Hiroko Seth and her husband Roger are the founders of an aftercare home and co-lead the SIMAID ‘Girls off the Streets’ project in India. SIMAID is an organisation dedicated to delivering aid to sustainable projects empowering communities to live with dignity and hope - removing threats of child labour, poverty and exploitation.
SIMAID believe that all women and girls should have access to health, education and employment resources in a healthy and secure environment. Here Hiroko talks to us about her big dream for ‘Girls off the Streets'.
Summarise how you're changing the world. I don’t see what I’m doing as ‘changing the world' what I do is contribute to change, right where I am. In my city there are not enough safe places for girls who are rescued from sex trafficking. So my husband and I wanted to start a home that could be a healing refuge for all the vulnerable girls who’ve escaped their horrible situation.
Why do you want to change the world? About ten years ago I went through a healing journey from my own childhood sexual abuse. In spite of many who believe that a person can’t really recover from severely traumatic events, I experienced healing from trauma - though it was very hard work! Afterwards I had a desire to go to the most abused girls, from whom most people might look away thinking “there is no hope for these girls,” and bring them a message of hope. That was the beginning of my big dream.
What do you expect to be the biggest challenges in realising your dream in the future and how do you plan to overcome them? Challenges always come in all shapes and sizes, including the most unexpected. In a project like ours, all kinds of challenges emerge; helping the girls, running the programme, working with the team, fundraising, nurturing relationships with the government. But if you just face each challenge one at a time and never lose hope, you can always move through it. For me, it’s the act of facing any obstacle which is the biggest challenge. The test is to think “with this particular obstacle currently in front of me, do I have the courage to work it through with all creativity in me?” my approach is always not to let the obstacle itself crush me but help me grow as I work through it.
When it feels tough, what do you do to get through the difficult times? Take a deep breath and tell myself, there is always a way through.
What have been your biggest achievements, turning points or milestones so far in achieving your vision? Being able to face my biggest fear, which was the inner pain from my past. When you experience abuse you feel like you will die. So you compartmentalise the pain so that you don’t have to experience it. Even years after the abuse, to go back to that memory is like another “dying” experience. But once you actually face it and you find that you did not in fact die but that instead you can choose life in the midst of it, that’s a revolutionary experience. That was my key turning point—when I faced the pain and realised that I wouldn’t die, and I chose life.

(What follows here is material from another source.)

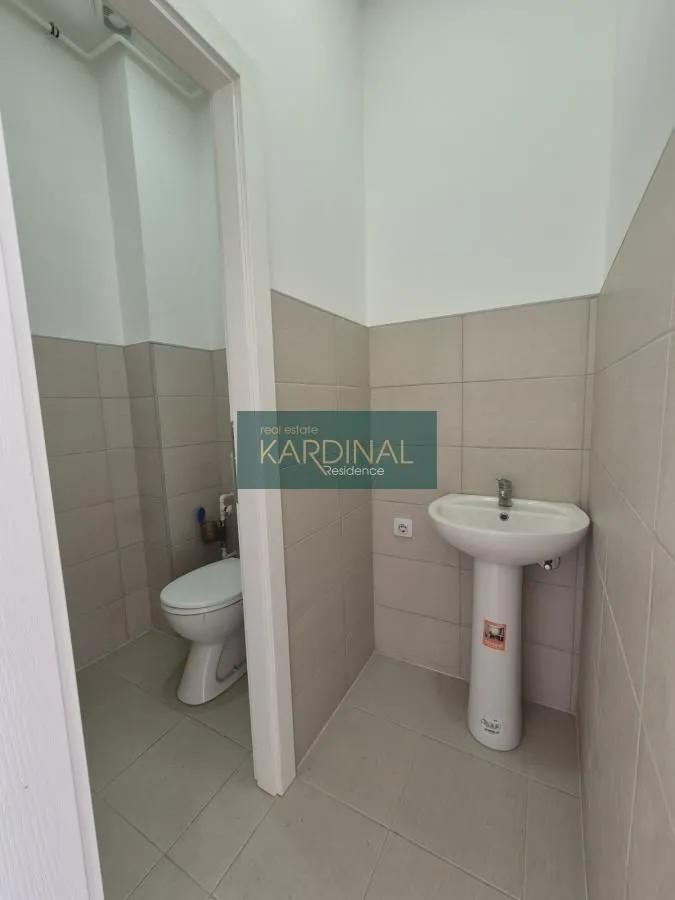 Sale, office space, 75m², Pivara, Jagodina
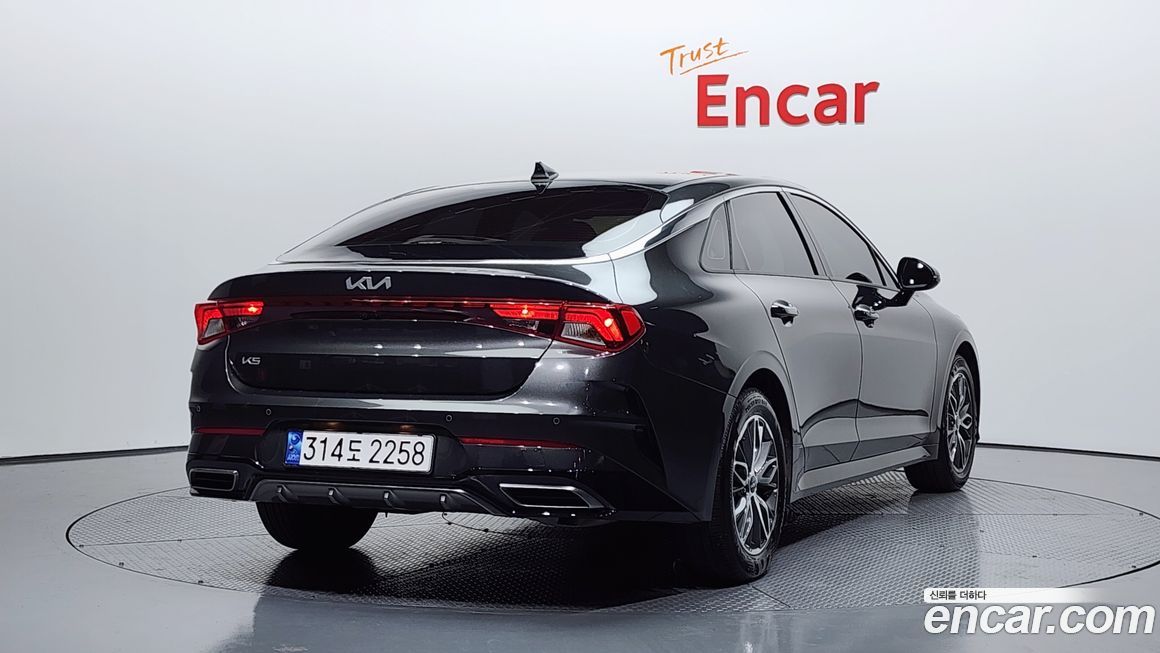 Kia K5 2023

Fast forward five years. Paint us a picture of where you would like to be with your dream/vision? The current short-stay home (for girls up to age 18) would be running well, helping newly-rescued girls start on the path of healing. I'd also want to also see a long-term home for sex trafficking survivors (girls up to age 18), a halfway home (for young women age 18+) with a supportive community of people who can help them move on in life, and a prevention/awareness programme aimed to stop girls from being trafficked in the first place.
Finish this sentence. If my big dream becomes a reality, I would … see a stream of previously-trafficked girls having been healed and moving forward in life, flourishing, working toward their own big dreams.